Besides, in my view, making a child your career is a dangerous move because your marriage and sense of self can be sacrificed in the process.

Psychotherapist Kati St Clair has listened to the frustrations of scores of fathers. 'Men now feel great pressure to enjoy their children at all times,' she says. 'The truth is, a lot of it is plain tedium. It's very unlikely that a father doesn't love his child, but it can be very dull. Still, it takes a brave man to admit that.'

All us bored fathers can take comfort from the fact that our children may yet turn out to be more balanced than those who are love-bombed from the day they are born.

Research increasingly shows that child-centred parenting is creating a generation of narcissistic children who cannot function independently.

'Their demand for external support is enormous,' says Kati St Clair. 'They enter the real world totally ill-prepared. You damage a child just as much by giving them extreme attention as you do by ignoring them altogether. Both are forms of abuse.'

Child experts are increasingly begging parents to let their kids be.

'Parents think they can design their children by feeding them a diet of Mozart - well they can't,' says Dr Rosenfeld.

Sometimes, apparently, the best thing parents can do for their children is to let them be bored.

This, of course, makes fathers like me - who love their children but refuse to cater to their every whim - feel vindicated. By sticking to our guns, we have unwittingly created children who can do things like make up stories (very few kids can any more).

Because I have categorically said: 'I am not a busboy, a driver or a janitor,' my children have learned to put away their plates and tidy up their rooms. They've become brilliant planners, often inviting their friends to come for the weekend (because I've forgotten to bother).

Frankly, as long as you've fed them, sheltered them and told them they are loved, children will be fine. Mine are - at the risk of sounding smug - well-adjusted, creative children who respect the concept of work. They also accept my limitations.

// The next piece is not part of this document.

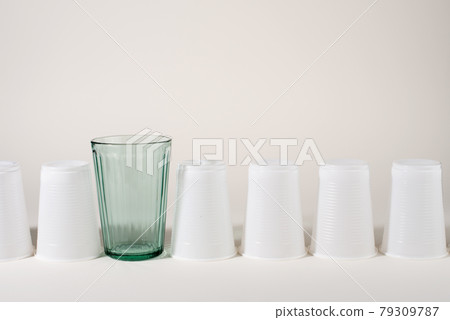 Glass and many plastic cups in a raw. Glass or plastic. Reusable versus disposable. 79309787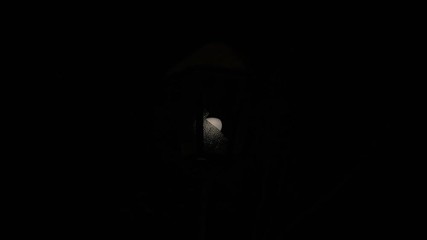 Broken street lamp shining blinking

They stopped asking me to take them to the park (how tedious) years ago. But now when I try to entertain them and say: 'Why don't we get out the Monopoly board?' they simply look at me woefully and sigh: 'Don't bother, Dad, you'll just get bored.'

How right they are.

Adapted VERY SLIGHTLY from this article here

I'm just curious (please read the original article too) why does the parent in question sound like SO much worse of a parent when the gender is female?